I traded in skyscrapers and a massive, congested city for an expansive lake, towering trees and never-ending mountains — and it feels good.
Fail, learn, move forward
Standing here, I can see that what started as a feeling of failure has led me to a seemingly better reality. A reality that is healthier and more fulfilling for me personally. It’s not easy working through what feels like failure, but once we’re on the other side, there’s so much to learn from it.
As I was in the thick of April and May — coming to terms with my life in Buenos Aires and several seemingly “dark” moments in my life — Hannah Brencher, another writer I admire, shared this “Failure Contract.” There’s so much within this contract that speaks to me, but more than anything it’s this: failure is important. For that reason, we must commit ourselves to failure. We must commit ourselves to failure, and we must commit ourselves to living and learning through it.

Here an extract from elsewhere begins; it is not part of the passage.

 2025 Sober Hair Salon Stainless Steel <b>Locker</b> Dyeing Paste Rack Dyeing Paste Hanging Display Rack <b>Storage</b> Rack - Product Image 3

We all get to fail, and that’s a beautiful thing. Instead of fearing and shying away from failure, as we so often do, we should be stepping up and owning failure — and not beating ourselves up over feelings of failure.
In the midst of failure, we need to be kind to ourselves, we need to be graceful with ourselves and we need to be fearless. Because failure is packed with lessons that help us learn, grow and become better versions of ourselves. Failure is a key ingredient to life. It’s a key ingredient to discovering who we are.